Running IT like a business is good but are you prepared to lose your customer and money ?

I received a phone call from a CIO friend wanting to talk over a drink, which I agreed to since he was good company to be with. When he arrived I could see he was internally raging; he looked shades of red I did not know he could. Without asking he started: What does he think ? Asking me to justify why I am getting paid what I am getting ! Cut cost, reduce expenses, my business does not want expensive IT and highly paid staff ! This is even when we benchmark against the industry with lowest cost of providing IT.

He had been in a meeting with one of the business unit heads who had given him the run down on the annual IT costs that were charged back to each business unit. Within the diversified group for which he was the CIO, chargebacks were a way of life; for every support function, there were different metrics based on revenue, headcount, transaction volume or profitability. Every year there was a negotiation with the business on support costs; the previous year not having gone well, the discussions now were loaded.

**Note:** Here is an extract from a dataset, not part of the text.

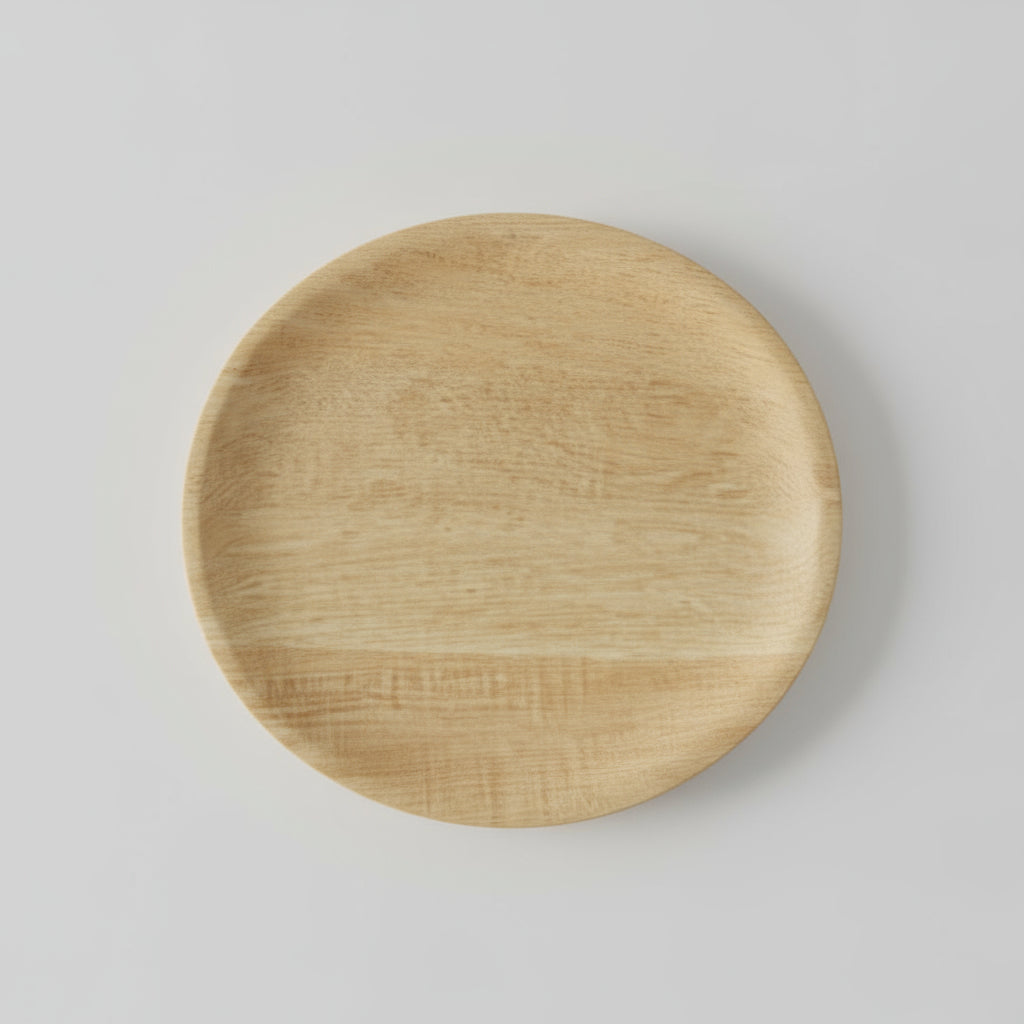 Mango Wood Natural Oval Serving Board - 6327184 - Uneeka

In the early days of evolution of IT and the CIO role; few companies had broken out by carving their IT departments into separate entities; it became a fad with many attempting to replicate success. Entrepreneurial spirit fueled by case studies gave a ray of hope to aspirants. Quickly the trend disappeared with boom and bust giving fertile minds an opportunity to create a new goalpost. Run IT as a business – became the new mantra and it caught the fancy of some CIOs who otherwise struggled to stay afloat.

How do you run IT as a business ? The hypothesis created by some consultants revolved around charging a fair price for all the services, solutions, technology, business as usual, keeping the lights on, running the innovation lab, providing training, fixing the printer, any touch point that required parts of the IT organization in whole or bits to take any action, triggered by an event or otherwise. Charges were calculated based on simple and complex formulae depending on the creativity of the CIO and indulgence from the CFO.

Chargebacks became a discussion, debate, and topic of angst for many customers of IT (even though internal). Quality of service and Service Level Agreements became the metrics for measurement putting some IT teams in a spot. If I am going to pay (even notional), then I am fair in demanding not realizing that before it became explicit, they were anyway paying in adjustments done by the CFO for all support functions. Negotiations started on why the price is not lower, expecting justification for every line item as experienced by my friend.

Consultants then convinced Management to outsource the entire IT organization to experts offering efficiency of scale, repeatability and predictability to process, tools and technology enabled remote support and fix, again shrinking cost per unit. The big wave of outsourcing promised the moon with numbers that convinced Boards to give it a serious look. IT is not your business or core, so create complexity to manage; give up to the experts, focus on what matters. CIOs struggled through this phase balancing cost and deliverables.

Downturns offered reality check; long-term contracts became sparse, enterprises reflected on the gains which were not as rosy as they had been painted in the beginning. The CEO of IT services or the CIO suddenly had a crisis at hand with ever demanding but dissatisfied customers; changing technology landscape, evolving and opportunistic business models threatened the uneasy balance, with the realization that neither had a choice of providers or customers. It was fragile truce which required maturity rarely observed in corporate world.

The devils choice extinguished the discussion for many enterprises though a few continued to tread down the uneven path. Changing business dynamics have now redefined the platform from running IT as a business to running business with IT. The new paradigm led by the now mature business savvy CIO is raising the bar; they are not interested in running IT or taking a subservient position,  they want to run the business and they are succeeding. I believe that CIOs can safely drop the games and achieve heights they truly deserve.

My CIO friend wiser after the discussion offered services from external large providers as an alternative and benchmark to the CEO, willing to give up his team should there be commercial gain for the business. Accepting the offer the CEO wholeheartedly supported the exercise and participated in the discussions investing time and effort as he learned about the complexity of managing IT. Three months later he signed the paper with the CIO realizing that he had a good deal to begin with.